# Trading out through II



## WDWLVR (Oct 7, 2008)

We've only done this once and it really wasn't a trade as we won an II stay.  That time we booked into Marriott's Ko Olina for a week (Friday to Friday) in a studio.  Loved it.  

We would like to go back to Ko Olina in early 2010 (based on not caring much for what DCL has offered in 2010).  This time I would love a one bedroom.  So for you experienced DVC'ers who have traded out a few questions:


When is the best time to put my request in?  We are looking at February or March 2010.

I should be able to borrow from 2010 points (we have an August use year) as the request most likely won't be filled until 2009 - correct?

Our last request was filled within 2 weeks (November for the following February) but we'd like a longer notice this time to allow for looking at flights better.  Realistically how good a change do we have to get a trade 6-12 months out?

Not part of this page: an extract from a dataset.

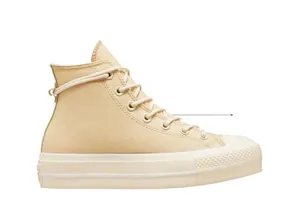 Converse Chuck Taylor All Star Lift Platform Canvas High 'Oat Milk' thumbnail 1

Thanks for your help everyone.


----------



## Dean (Oct 11, 2008)

WDWLVR said:


> We've only done this once and it really wasn't a trade as we won an II stay.  That time we booked into Marriott's Ko Olina for a week (Friday to Friday) in a studio.  Loved it.
> 
> We would like to go back to Ko Olina in early 2010 (based on not caring much for what DCL has offered in 2010).  This time I would love a one bedroom.  So for you experienced DVC'ers who have traded out a few questions:
> 
> ...


I own at DVC and Ko'Olina as well as other Marriott's.  The 1 BR is the best value trading DVC at 160 points or less and most people who deposit do lockoff so your chances are fairly good overall.  Feb and March are some of the highest times which will decrease your chances significantly though.  You normally need to be looking at least 13 months out for such an exchange, I'd put it in now if I were you.  You will be able to borrow from your 2010 UY given you're in your 2008 UY and the trade you're seeking is in your 2009 UY.  The earliest you could expect this is around 14 months out but realistically likely at 12 months or after, possibly much after.  I'd put your chances at about 50/50 if you start the search by 14 months out.


----------



## WDWLVR (Oct 12, 2008)

Thanks Dean!  Our plan is to book the 2009 Member Cruise (booking on 11/2) and then we'll put in the request.  I think we should be able to expand the timeframe to Feb - May which hopefully will help.


----------



## Dean (Oct 12, 2008)

WDWLVR said:


> Thanks Dean!  Our plan is to book the 2009 Member Cruise (booking on 11/2) and then we'll put in the request.  I think we should be able to expand the timeframe to Feb - May which hopefully will help.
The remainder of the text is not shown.